Keepin’ It Reel: “Spenser Confidential”

As the number one rated Netflix movie in the United States right now, I just had to take my own look at Mark Wahlberg’s latest film, “Spenser Confidential.” Normally, I’m not a big fan of action movies except the Fast and Furious series, but this movie was good to say the least. If you like any of Mark Wahlberg’s other action films or if you like Post Malone, believe it or not, you’ll enjoy this movie, even if it’s just a little.

“Spenser Confidential” begins with a police officer named Spenser, played by Mark Wahlberg, landing in jail for beating up his police captain (Michael Gaston).
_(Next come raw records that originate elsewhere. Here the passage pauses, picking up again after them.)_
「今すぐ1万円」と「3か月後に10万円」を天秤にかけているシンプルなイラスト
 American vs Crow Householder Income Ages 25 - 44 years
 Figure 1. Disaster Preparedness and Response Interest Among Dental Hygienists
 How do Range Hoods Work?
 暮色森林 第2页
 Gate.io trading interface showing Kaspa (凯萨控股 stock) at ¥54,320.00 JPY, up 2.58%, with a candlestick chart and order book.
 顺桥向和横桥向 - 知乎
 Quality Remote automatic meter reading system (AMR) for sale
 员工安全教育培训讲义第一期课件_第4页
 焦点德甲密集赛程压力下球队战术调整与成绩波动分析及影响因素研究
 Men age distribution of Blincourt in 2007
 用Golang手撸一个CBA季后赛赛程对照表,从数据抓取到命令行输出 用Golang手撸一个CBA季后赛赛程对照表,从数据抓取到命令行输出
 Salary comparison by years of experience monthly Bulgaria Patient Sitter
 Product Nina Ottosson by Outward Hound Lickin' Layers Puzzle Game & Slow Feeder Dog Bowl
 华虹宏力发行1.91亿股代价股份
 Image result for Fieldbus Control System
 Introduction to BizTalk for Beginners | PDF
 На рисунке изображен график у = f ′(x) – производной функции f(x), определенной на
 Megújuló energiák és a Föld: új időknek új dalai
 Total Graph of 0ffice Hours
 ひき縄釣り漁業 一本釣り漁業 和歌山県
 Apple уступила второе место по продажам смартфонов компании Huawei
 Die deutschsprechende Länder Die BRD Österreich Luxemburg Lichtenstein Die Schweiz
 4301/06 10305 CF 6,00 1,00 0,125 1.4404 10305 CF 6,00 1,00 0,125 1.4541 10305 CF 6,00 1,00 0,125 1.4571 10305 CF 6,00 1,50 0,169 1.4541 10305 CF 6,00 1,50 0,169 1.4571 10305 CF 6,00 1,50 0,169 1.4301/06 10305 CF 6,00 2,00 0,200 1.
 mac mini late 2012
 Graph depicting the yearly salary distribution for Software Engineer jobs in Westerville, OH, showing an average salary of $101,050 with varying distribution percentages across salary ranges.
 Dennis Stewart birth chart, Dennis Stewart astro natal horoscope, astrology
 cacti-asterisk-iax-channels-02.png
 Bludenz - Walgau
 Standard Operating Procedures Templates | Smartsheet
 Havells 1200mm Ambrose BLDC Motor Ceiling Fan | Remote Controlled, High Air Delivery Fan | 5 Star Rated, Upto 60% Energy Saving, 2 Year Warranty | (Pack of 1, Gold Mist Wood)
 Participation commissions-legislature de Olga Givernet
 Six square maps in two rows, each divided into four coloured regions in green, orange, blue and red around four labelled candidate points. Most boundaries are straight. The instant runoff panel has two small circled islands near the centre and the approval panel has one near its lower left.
Of course, he was trying to get to the bottom of a homicide coverup his captain orchestrated, but only the audience and Spenser know about that. The same holds true when he gets out of jail five years later after a send-off prison brawl with Post Malone’s character.

After leaving prison, Spenser plans to get the hell out of Dodge and restart his life in a peaceful neighborhood, but if you’ve seen any film Wahlberg is in, you’d know peace just wasn’t in the cards. When his old captain is murdered it becomes clear that the series of events that landed him in jail is hardly over, and he takes matters into his own hands. He also finds another officer with a gunshot wound to the head, who he knew back in the day. He realizes things are even more complicated when there are narcotics supposedly found in the other officer’s home.

With this resolution, he creates his own vigilante family with his new roommate Hawk and his old boxing coach Henry.

Now Henry, played by Alan Arkin, has enough charisma as an actor to make the film at least a little fun. He has the whole “I don’t understand how to use facetime” scene that creates a little giggle or two and a scene where he chats the ear off a baddie who’s taken him hostage that helps make it a funny yet active film. Winston Duke, who plays Spenser’s roommate Hawk, who is best known for his performances in the “Black Panther” and “Us,” shows the audience that there isn’t a scene in which he can’t steal the spotlight.

Mark Wahlberg, by contrast, isn’t such an adaptable performer. He can achieve greatness with the right kind of role, usually aggressive types (“The Departed”), or by lampooning that image (“The Other Guys”) or with the right director (“Boogie Nights”). But without any kind of strong backbone, he tends to falter in his abilities. His performance in “Spenser Confidential” amounts to a Saturday Night Live impression of himself, rather than a compelling character.

Overall, the film was good. It had a good storyline, good plot, good climax and the cliffhanger was good; but that’s all it was: good. I wasn’t overly impressed with how it turned out. As far as action movies go, it wasn’t one of my favorites and there wasn’t enough of a funny atmosphere to consider it a comedy either. I like Mark Wahlberg in just about any comedy movie he’s in, but “Spenser Confidential” just did not hit the same mark for me as any of his other films did. Given the good storyline and the decent acting done by Wahlberg, Arkin and Duke, I would rate this film a 4/10; keep in mind the only reason I didn’t give it a 3/10 rating was because of the amount of gore in the fighting. If you absolutely love Wahlberg, this film is for you. If you’re obsessed with Post Malone, this film is for you. But for me, it just didn’t hit the mark, despite being rated number one on Netflix in the United States.